Rhubarb is one of my favourite ingredients to work with. It pairs so well with a myriad of fruits, it can hold its own against many spices and it even works in some savoury preparations. Given a little time and attention, rhubarb brings an incredible balance of sweet and tart to desserts, cakes and savoury dishes.
Although used predominantly in sweets, rhubarb is actually a vegetable. There are two types of rhubarb; ‘maincrop’ rhubarb arrives in the spring and has a deep red colour with bright green leaves, an intense flavour and robust texture. The rhubarb that we have been enjoying over the past few months is the more tender and delicately flavoured ‘forced’ rhubarb, with pale lime green leaves and a watermelon pink coloured stalk. This latter is grown in the ‘rhubarb triangle’, around Leeds, Wakefield and Bradford and works well paired with sweet strawberries, blueberries, grapefruit, vanilla and halibut. The more robust ‘maincrop’ rhubarb can be combined with stronger flavours such as ginger, cherries, orange, beetroot, chicken, lamb and pork.
How to Prepare Rhubarb
Rhubarb leaves should never been eaten as they contain a poison called oxalic acid. Forced rhubarb only needs to be washes and slices, however, ‘maincrop’ rhubarb often has tough, stringy ribs that can be stripped off with a small knife.
How to Cook Rhubarb
Poach for 8-10 minutes in water. Stew for 10 minutes with a splash of water and caster sugar, or roast in a preheated oven at 200*c for 15-20 minutes.
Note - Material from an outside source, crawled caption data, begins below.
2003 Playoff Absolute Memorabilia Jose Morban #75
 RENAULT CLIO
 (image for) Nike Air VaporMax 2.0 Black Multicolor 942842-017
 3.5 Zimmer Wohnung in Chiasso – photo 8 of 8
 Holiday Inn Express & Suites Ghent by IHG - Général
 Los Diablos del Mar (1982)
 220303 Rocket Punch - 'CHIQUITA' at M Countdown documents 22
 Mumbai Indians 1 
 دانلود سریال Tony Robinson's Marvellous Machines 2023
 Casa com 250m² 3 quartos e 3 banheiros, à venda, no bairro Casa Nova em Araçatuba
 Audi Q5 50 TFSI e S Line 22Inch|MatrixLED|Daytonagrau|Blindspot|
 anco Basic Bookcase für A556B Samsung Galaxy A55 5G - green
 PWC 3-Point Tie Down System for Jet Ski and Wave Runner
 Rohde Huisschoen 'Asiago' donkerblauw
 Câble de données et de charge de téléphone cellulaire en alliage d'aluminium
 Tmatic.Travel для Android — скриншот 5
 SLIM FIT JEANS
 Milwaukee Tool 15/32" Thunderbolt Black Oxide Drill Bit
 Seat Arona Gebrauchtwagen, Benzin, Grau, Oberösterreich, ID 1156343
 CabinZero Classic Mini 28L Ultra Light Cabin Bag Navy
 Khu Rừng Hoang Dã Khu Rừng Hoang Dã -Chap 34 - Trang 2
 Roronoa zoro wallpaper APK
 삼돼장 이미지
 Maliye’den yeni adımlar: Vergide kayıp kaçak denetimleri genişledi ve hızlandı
*Remember when cooking rhubarb that you can always add more sugar later on. Add the sugar gradually and taste, taste, taste!
How to Store Rhubarb
Uncooked rhubarb will wilt quickly, so should be used soon after purchase or frozen for later use. After cooking your rhubarb, it can be frozen (and will last for up to a year) or stored in the fridge for a week or so.